Since 1994, the Cotton Breeding and Genetics Program has been directed by Gerald Myers and retains the historical focus of developing cotton germplasm and varieties with high yield potential, increased resistance to pests and superior fiber quality specifically adapted to Louisiana and the Mid-South. Research trials are undertaken in collaboration with LSU AgCenter scientists and research stations throughout the state, as well as cotton breeders across the United States.
The breeding program is based on a pedigree system. Recent focus areas beyond that of high and stable yield and superior fiber quality include developing germplasm with tolerance to both root-knot and reniform nematodes (highly destructive soil pests of cotton widely scattered in the state), developing germplasm with resistance to Heliothis pests and developing varieties with the okra leaf shape.
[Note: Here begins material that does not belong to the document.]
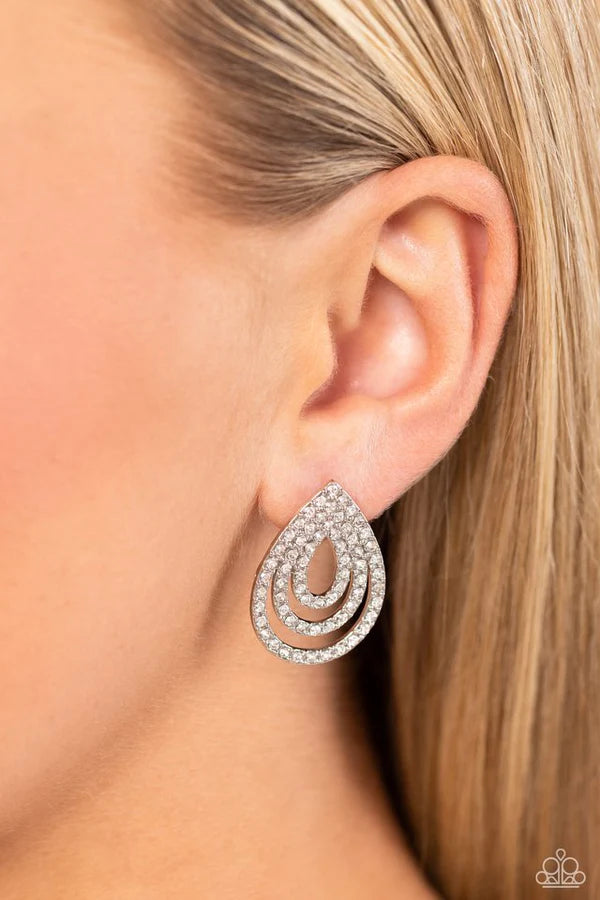 Red Carpet Reverie - Silver - White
Research projects recently concluded have shown that the insertion
of transgenes for insect and herbicide resistance has made subtle changes in other plant characteristics and has identified new sources of resistance to the root-knot nematode. With recent grants from Cotton Incorporated and the Louisiana Cotton State Support Committee, research projects on improving the efficiency of breeding for better yield and fiber quality and on characterizing newly acquired cotton germplasm from Uzbekistan have begun.
Beginning in 1995, the program has been conducting research in cotton molecular genetics and biotechnology. Support from the Louisiana Educational Quality Support Fund helped establish this aspect of the program, which has two focus areas: molecular mapping of genes for yield components and fiber quality and on cotton transformation. A recent paper reports on the identification of a marker associated with increased yield in cotton. This DNA marker is being further investigated for its use in marker-assisted selection of increasing cotton yield. Efforts to develop the capability to genetically transform cotton are under way. Regenerated plants have been developed and research to increase the efficiency of the process is being conducted. This research is complementary to the conventional breeding program, and it is through a combination of the two that progress by the Cotton Breeding and Genetics Program can be measured.